The Center on Budget and Policy Priorities, also a left-leaning think tank, has warned that indexing capital gains to inflation without adjusting other parts of the tax code would open up new tax-avoidance strategies. And the American Enterprise Institute, a center-right think tank, has said that it is “unlikely that indexing capital gains for inflation would provide the economy a meaningful boost,” while stressing the complexity of implementing the proposal.
The proposal faces major legal obstacles, as well.
The Justice Department’s Office of Legal Counsel in 1992 concluded that the Treasury Department did not have the authority for the unilateral cut. The change, if implemented unilaterally, would almost certainly face an immediate court challenge.
But conservatives have said they are optimistic they can persuade Trump. They are pitching the shift as providing relief from the inflation that occurred during the Biden administration, which Trump has frequently railed against. Trump also said in 2019 that it would be “very easy to do” and that a majority of his White House economic advisers supported it.
Stephen Moore, who has served as an economic adviser to Trump, said the proposal should be characterized as providing benefits to seniors, since it would lower their taxes on sales of stocks and potentially homes, though the first $500,000 in capital gains from home sales are already protected from taxes.
“Indexing capital gains is a layup - it’s something that would be hard for Democrats to argue against. It would be a big win for seniors, and it would unlock a lot of capital,” said Moore, who is also senior economic adviser for the America First Policy Institute and chair of the Committee to Unleash Prosperity, two conservative groups. “This something we’re really pushing, and the White House has been interested.”

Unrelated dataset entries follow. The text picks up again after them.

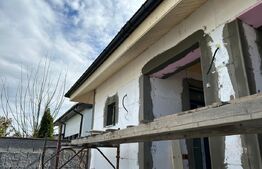 Casa cu 3 dormitoare, 2 bai, toate utilitatile, zona Selgros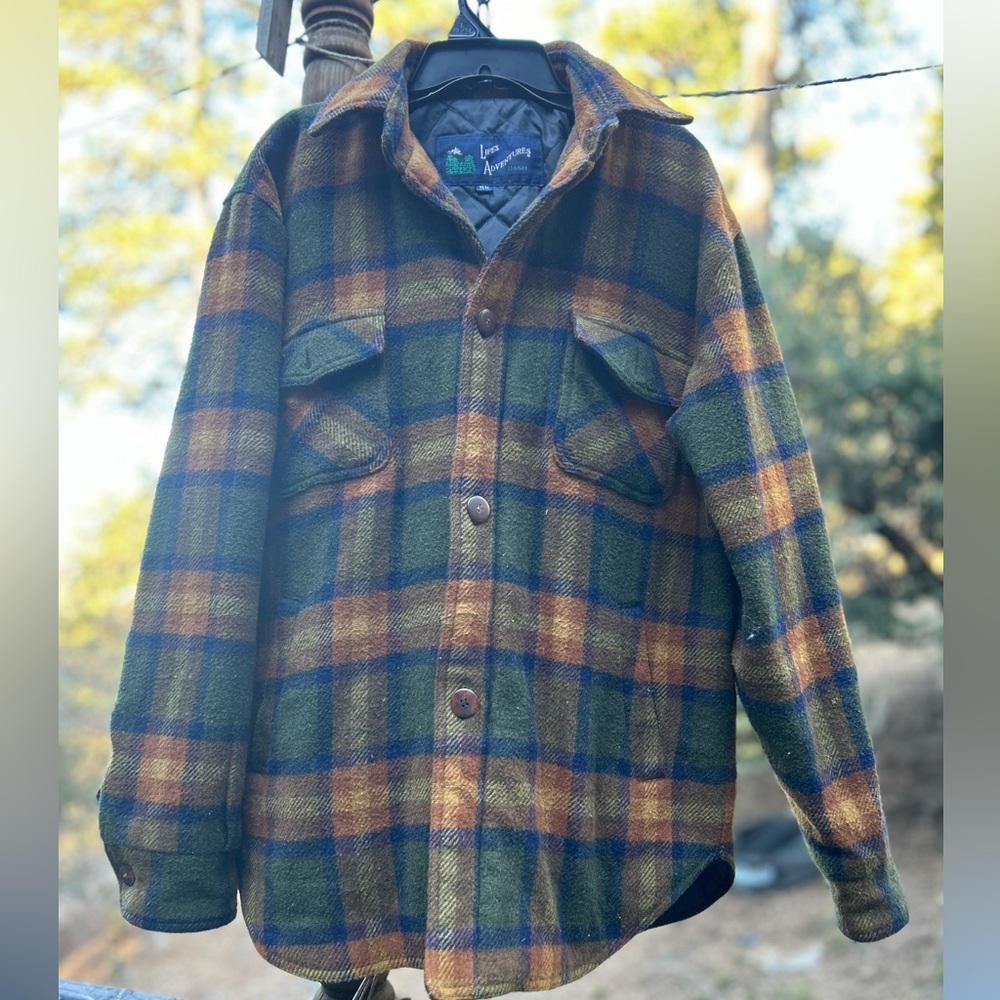 Men’s large Vintage wool flannel jacket, good condition great for winter.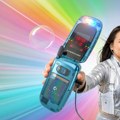 Legendarni brend ponovo živi: Commodore se vratio sa telefonom koji želi da vas odvikne od smartfona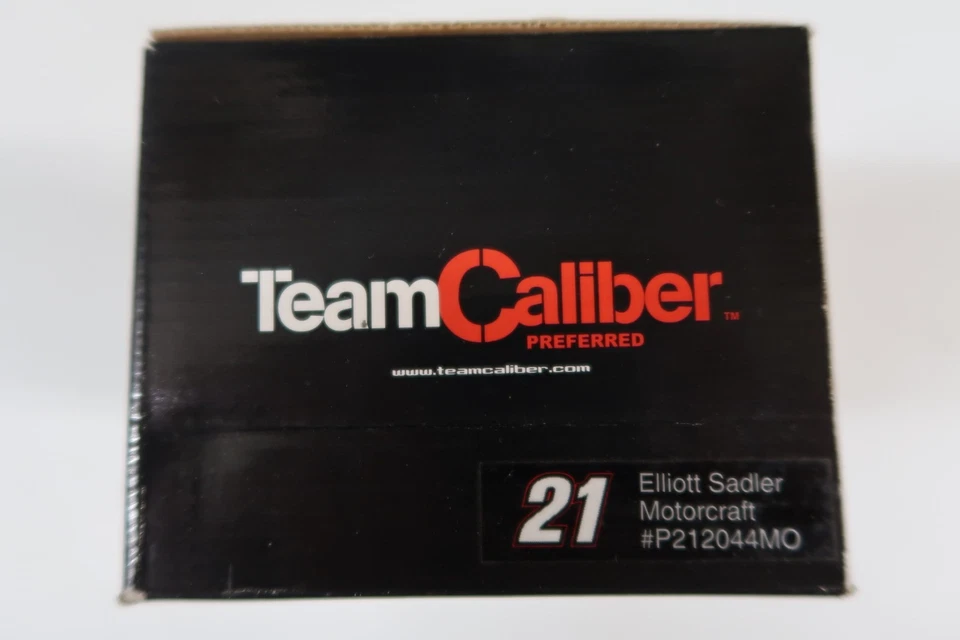 Elliott Sadler #21 Motorcraft 2001 Team Caliber 1:24 Scale Die-Cast - Image 3 of 4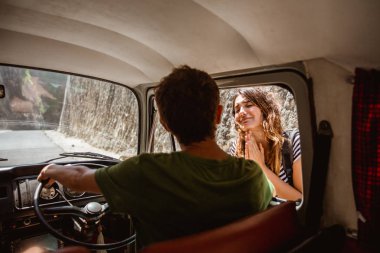 güzel beyaz kadınlar hipster otostop 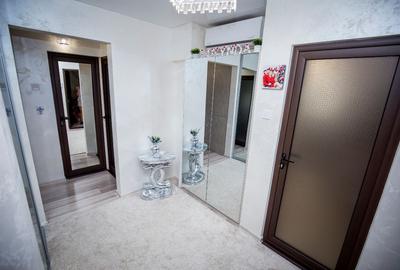 Apartament cu 2 camere decomandat, mobilat în Micro 21 - 9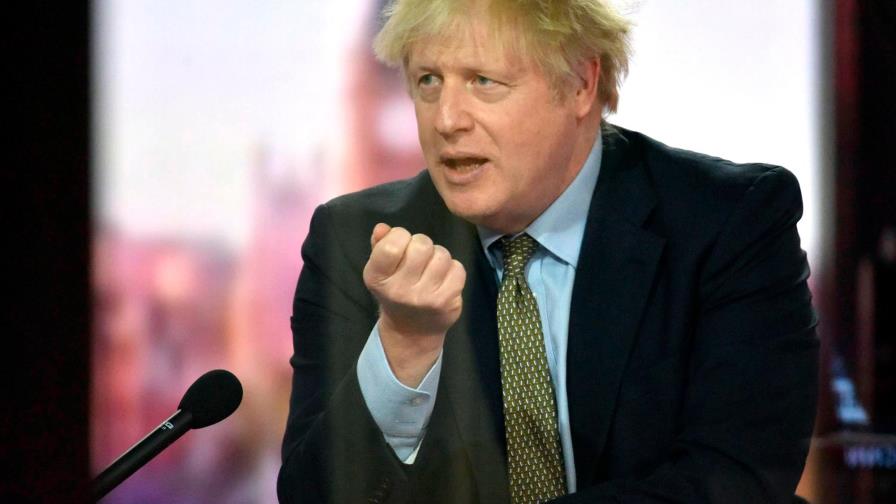 Londres estudia quitar cuarentena a viajeros vacunados de países como España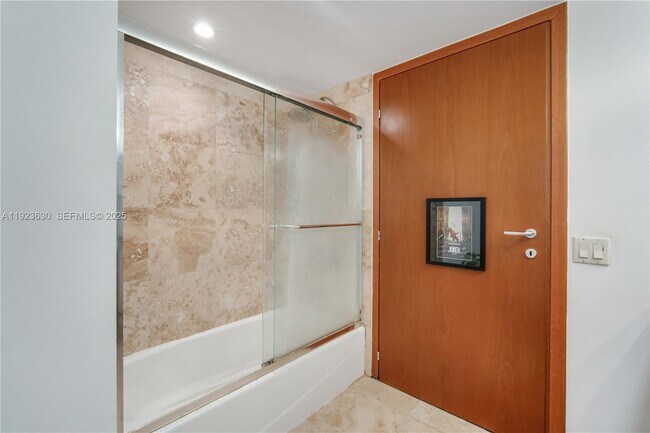 Building Photo - 9499 Collins Ave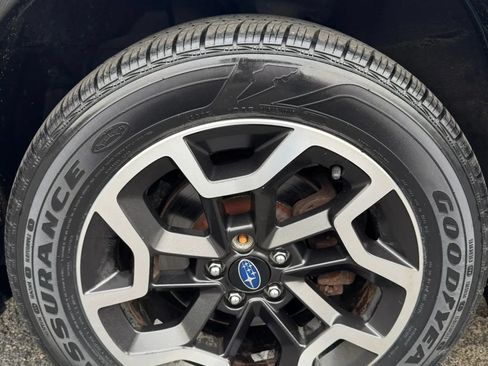 Used 2016 Subaru Crosstrek 2.0i Limited AWD/4WD image 12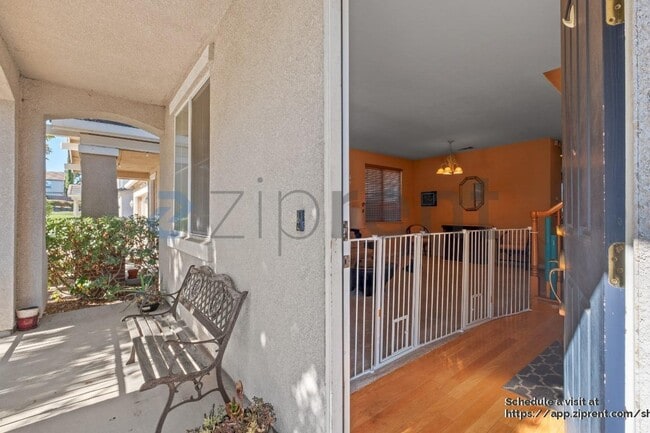 Building Photo - 521 Black Walnut Pl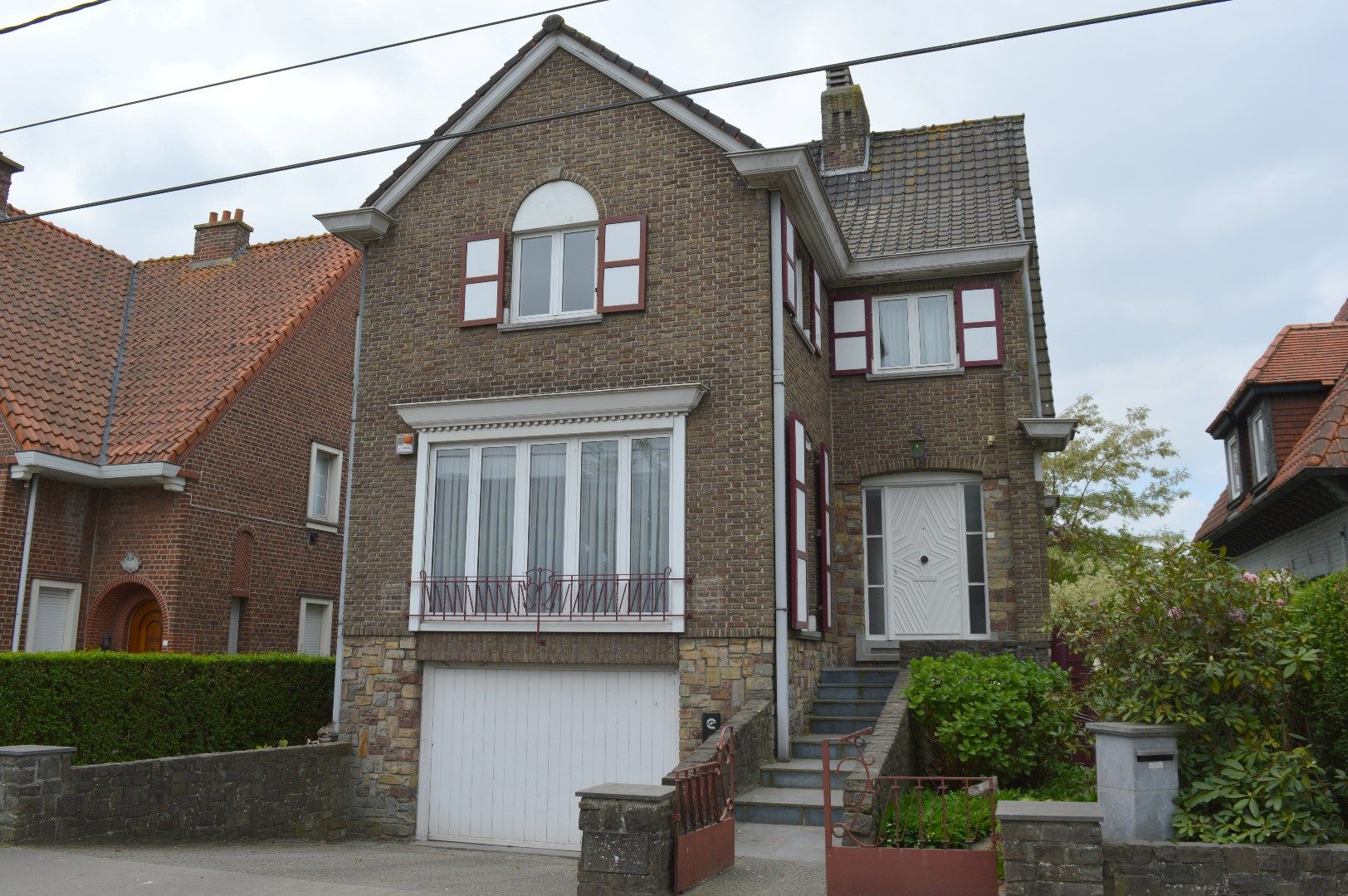 Ruime woning met garage, tuin en 3 slaapkamers in Kortrijk foto {{pictureIndex}}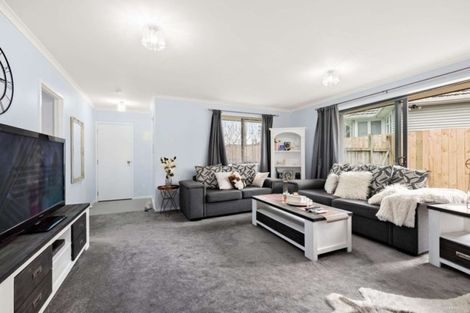 Photo of property in 5 Waitaua Street, Papakura, 2110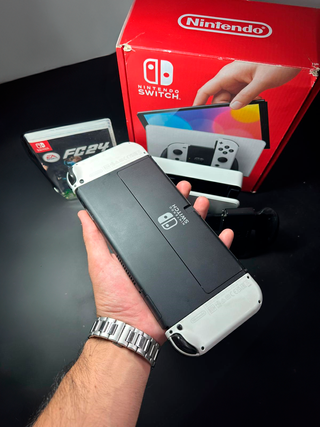 Nintendo Switch OLED Blanca + FC24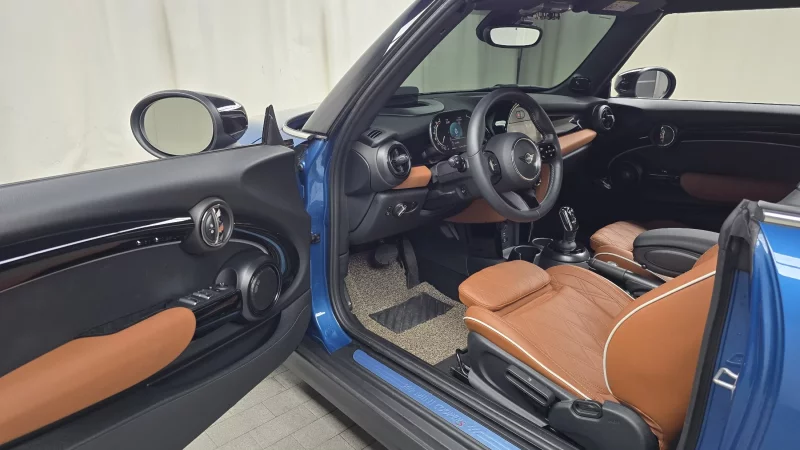 MINI Cooper Convertible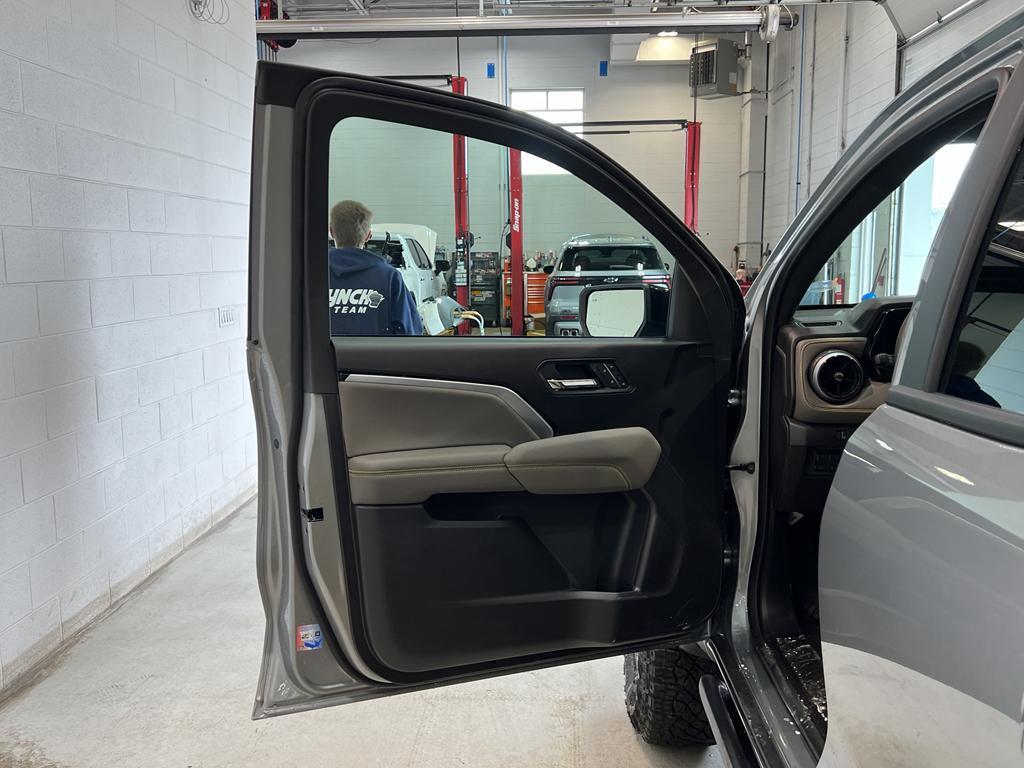 new 2025 Chevrolet Colorado car, priced at $53,190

The Independent Women’s Voice, another conservative group, is expected to join the push. Heather R. Higgins, chair of the Independent Women’s Forum, said in a statement that “this is one of those good ideas that should be a no-brainer and nonpartisan. … Keeping these dollars matters to women, families, and small businesses.” Higgins added that the administration should make the change via executive order if passing legislation was not feasible. Americans for Tax Reform also pointed to IRS data showing 30 million returns had capital gains filings of some amount, and that 22 million of those were in households with $200,000 or less in gross income.
Some GOP lawmakers, including Sens. Thom Tillis (North Carolina) and Ted Cruz (Texas), have endorsed legislation to enact the change. House and Senate Democrats are expected to overwhelmingly oppose the measure.